The counting mechanism is simple: Iran has 47,000 voting stations, plus 14,000 roaming stations that travel from tiny village to tiny village, staying there for a short time before moving on. That creates 61,000 ballot boxes designed to receive roughly the same number of votes. That would mean that each station would have been counting about 500 ballots, or about 70 votes per hour. With counting beginning at 10 p.m., concluding seven hours later does not necessarily indicate fraud or anything else. The Iranian presidential election system is designed for simplicity: one race to count in one time zone, and all counting beginning at the same time in all regions, we would expect the numbers to come in a somewhat linear fashion as rural and urban voting patterns would balance each other out — explaining why voting percentages didn’t change much during the night.
It has been pointed out that some of the candidates didn’t even carry their own provinces or districts. We remember that Al Gore didn’t carry Tennessee in 2000. We also remember Ralph Nader, who also didn’t carry his home precinct in part because people didn’t want to spend their vote on someone unlikely to win — an effect probably felt by the two smaller candidates in the Iranian election.
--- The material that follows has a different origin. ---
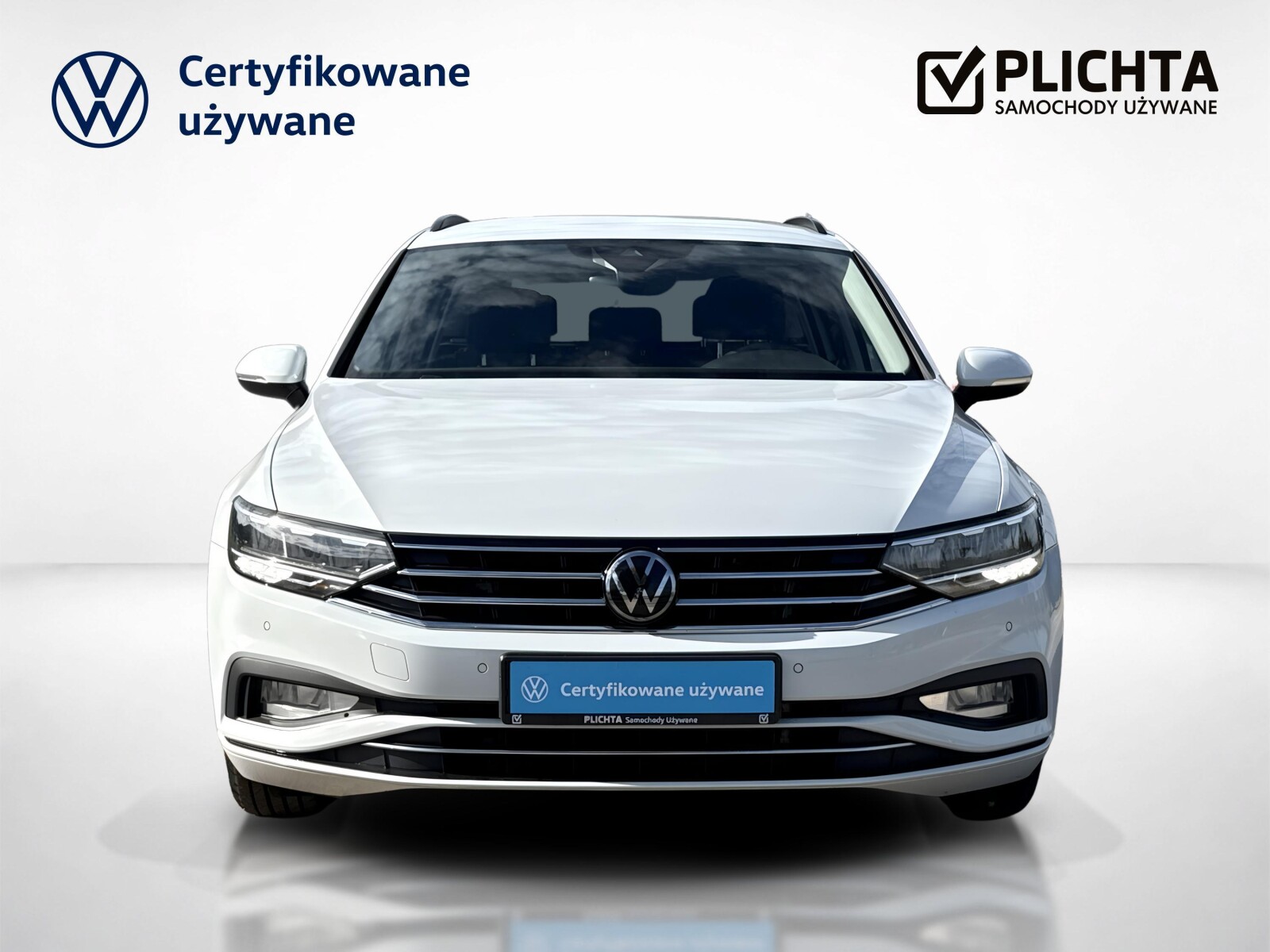 Volkswagen Passat - zdjęcie 9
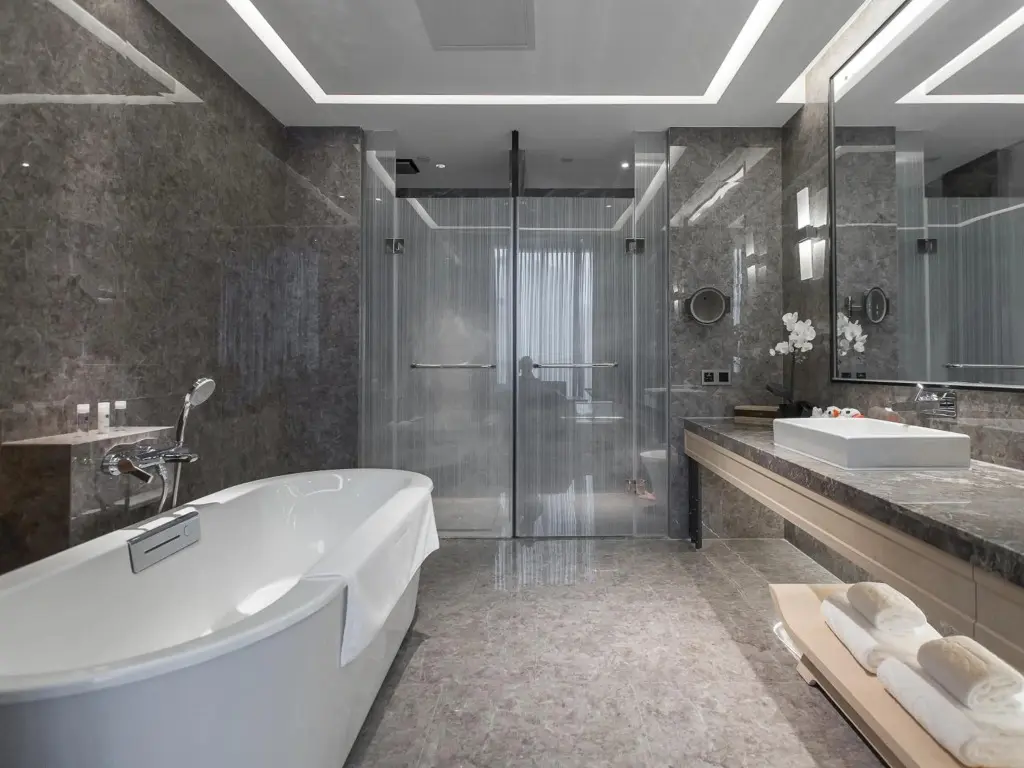 Чунцин: Grand Metropark Liyuan Hotel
That Mousavi didn’t carry his own province is more interesting. Flynt Leverett and Hillary Mann Leverett writing in Politico make some interesting points on this. As an ethnic Azeri, it was assumed that Mousavi would carry his Azeri-named and -dominated home province. But they also point out that Ahmadinejad also speaks Azeri, and made multiple campaign appearances in the district. They also point out that Khamenei is Azeri. In sum, winning that district was by no means certain for Mousavi, so losing it does not automatically signal fraud. It raised suspicions, but by no means was a smoking gun.

We do not doubt that fraud occurred during Iranian election. For example, 99.4 percent of potential voters voted in Mazandaran province, a mostly secular area home to the shah’s family. Ahmadinejad carried the province by a 2.2 to 1 ratio. That is one heck of a turnout and level of support for a province that lost everything when the mullahs took over 30 years ago. But even if you take all of the suspect cases and added them together, it would not have changed the outcome. The fact is that Ahmadinejad’s vote in 2009 was extremely close to his victory percentage in 2005. And while the Western media portrayed Ahmadinejad’s performance in the presidential debates ahead of the election as dismal, embarrassing and indicative of an imminent electoral defeat, many Iranians who viewed those debates — including some of the most hardcore Mousavi supporters — acknowledge that Ahmadinejad outperformed his opponents by a landslide.

Mousavi persuasively detailed his fraud claims Sunday, and they have yet to be rebutted. But if his claims of the extent of fraud were true, the protests should have spread rapidly by social segment and geography to the millions of people who even the central government asserts voted for him. Certainly, Mousavi supporters believed they would win the election based in part on highly flawed polls, and when they didn’t, they assumed they were robbed and took to the streets.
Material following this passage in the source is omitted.